1. Pendahuluan Globalisasi telah memudahkan pergerakan orang dan modal lintas negara, namun juga membuka peluang tindak pidana transnasional. Hal ini menuntut sistem hukum pidana nasional untuk mampu menjangkau perbuatan pidana yang terjadi di luar wilayahnya namun berdampak pada kepentingan nasional. Salah satu instrumen hukum yang digunakan adalah asas yurisdiksi, terutama asas nasional aktif dan pasif sebagaimana diatur dalam Pasal 2 sampai Pasal 10 KUHP.
Kasus Kagura dan Badang menjadi relevan dalam pembahasan asas ini. Kagura, WNA asal Jepang, memalsukan uang rupiah di Filipina dan memberikannya kepada Badang, WNI yang tidak menyadari uang tersebut palsu. Uang itu kemudian digunakan di Indonesia, menimbulkan pertanyaan hukum tentang siapa yang dapat dimintai pertanggungjawaban pidana.

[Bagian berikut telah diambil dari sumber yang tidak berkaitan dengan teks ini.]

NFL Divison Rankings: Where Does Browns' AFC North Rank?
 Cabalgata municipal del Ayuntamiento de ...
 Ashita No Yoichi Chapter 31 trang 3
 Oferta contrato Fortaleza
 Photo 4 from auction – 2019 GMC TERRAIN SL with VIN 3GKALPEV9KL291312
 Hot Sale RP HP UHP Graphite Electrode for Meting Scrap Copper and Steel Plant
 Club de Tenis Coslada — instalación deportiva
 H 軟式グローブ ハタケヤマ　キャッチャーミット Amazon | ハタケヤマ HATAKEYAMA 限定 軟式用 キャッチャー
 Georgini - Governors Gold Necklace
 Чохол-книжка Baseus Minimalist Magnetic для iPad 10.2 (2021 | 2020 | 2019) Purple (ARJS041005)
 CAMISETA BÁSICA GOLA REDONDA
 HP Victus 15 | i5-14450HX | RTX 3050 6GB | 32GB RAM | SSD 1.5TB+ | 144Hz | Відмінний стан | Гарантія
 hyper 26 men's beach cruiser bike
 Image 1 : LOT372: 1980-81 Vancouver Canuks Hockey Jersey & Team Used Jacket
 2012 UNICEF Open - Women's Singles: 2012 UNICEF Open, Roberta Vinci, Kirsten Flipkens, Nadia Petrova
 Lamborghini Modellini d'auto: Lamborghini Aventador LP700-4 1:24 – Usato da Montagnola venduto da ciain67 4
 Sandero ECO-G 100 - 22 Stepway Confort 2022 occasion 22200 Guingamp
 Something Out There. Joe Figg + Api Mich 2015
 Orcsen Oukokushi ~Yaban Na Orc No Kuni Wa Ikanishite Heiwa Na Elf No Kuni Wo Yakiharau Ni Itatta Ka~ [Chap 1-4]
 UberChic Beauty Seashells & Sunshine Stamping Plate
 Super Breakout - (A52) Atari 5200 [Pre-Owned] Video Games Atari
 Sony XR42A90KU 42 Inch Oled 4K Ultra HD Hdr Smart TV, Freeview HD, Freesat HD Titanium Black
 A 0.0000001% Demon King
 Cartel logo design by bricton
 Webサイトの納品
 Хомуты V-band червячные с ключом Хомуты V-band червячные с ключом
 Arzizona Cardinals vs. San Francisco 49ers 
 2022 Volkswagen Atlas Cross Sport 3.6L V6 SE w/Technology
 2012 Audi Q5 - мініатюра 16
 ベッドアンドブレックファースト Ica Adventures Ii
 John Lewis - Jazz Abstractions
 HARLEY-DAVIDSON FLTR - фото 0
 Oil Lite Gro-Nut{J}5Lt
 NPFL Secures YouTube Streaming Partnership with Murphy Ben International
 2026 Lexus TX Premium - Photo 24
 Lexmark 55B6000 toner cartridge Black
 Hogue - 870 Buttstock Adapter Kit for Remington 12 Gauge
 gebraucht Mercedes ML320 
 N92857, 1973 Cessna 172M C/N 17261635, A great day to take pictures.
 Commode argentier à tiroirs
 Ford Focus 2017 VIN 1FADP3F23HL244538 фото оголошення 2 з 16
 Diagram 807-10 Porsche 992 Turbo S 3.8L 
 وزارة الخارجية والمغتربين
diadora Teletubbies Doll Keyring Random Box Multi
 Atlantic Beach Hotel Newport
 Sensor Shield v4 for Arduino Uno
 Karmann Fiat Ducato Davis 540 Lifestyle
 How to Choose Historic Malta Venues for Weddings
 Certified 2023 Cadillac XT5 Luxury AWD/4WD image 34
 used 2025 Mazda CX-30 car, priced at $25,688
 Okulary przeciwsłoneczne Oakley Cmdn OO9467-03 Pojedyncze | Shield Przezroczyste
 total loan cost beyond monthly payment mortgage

2. Landasan Teori dan Kerangka Konseptual
2.1. Asas Nasional Aktif
Asas nasional aktif mengatur bahwa WNI yang melakukan tindak pidana di luar negeri tetap dapat dijerat hukum Indonesia (Pasal 5 ayat (1) KUHP). Asas ini berpijak pada prinsip personalitas atau personaliteitsbeginsel (Moeljatno, 1982; Andi Hamzah, 2005).
2.2. Asas Nasional Pasif
Asas nasional pasif memberikan kewenangan kepada negara untuk menuntut pelaku kejahatan yang dilakukan di luar negeri oleh siapa pun, jika perbuatannya merugikan WNI atau kepentingan hukum nasional. Prinsip ini dikenal juga sebagai asas perlindungan (Sudarto, 1986; Van Bemmelen, 1947).
2.3. Asas Legalitas dan Asas Kesalahan
Dalam penentuan pertanggungjawaban pidana, dua asas fundamental adalah asas legalitas (nullum crimen sine lege) dan asas kesalahan (geen straf zonder schuld) yang menuntut adanya unsur mens rea dalam setiap perbuatan pidana (Simons, 1964; Sudarto, 1986).
3. Analisis Kasus Kagura dan Badang
3.1. Kagura dan Asas Nasional Pasif
Kagura melakukan pemalsuan uang rupiah di luar negeri (Filipina) yang kemudian diedarkan kepada WNI (Badang). Berdasarkan Pasal 4 KUHP, Indonesia dapat menuntut Kagura karena: Korban adalah WNI, Perbuatannya merugikan sistem keuangan Indonesia. Melanggar Pasal 244 KUHP dan UU No. 7 Tahun 2011 tentang Mata Uang.
Pemalsuan uang merupakan tindak pidana yang mengganggu stabilitas ekonomi dan kepercayaan publik terhadap mata uang nasional, sehingga termasuk kepentingan hukum yang dilindungi melalui asas nasional pasif (Muladi, 1996).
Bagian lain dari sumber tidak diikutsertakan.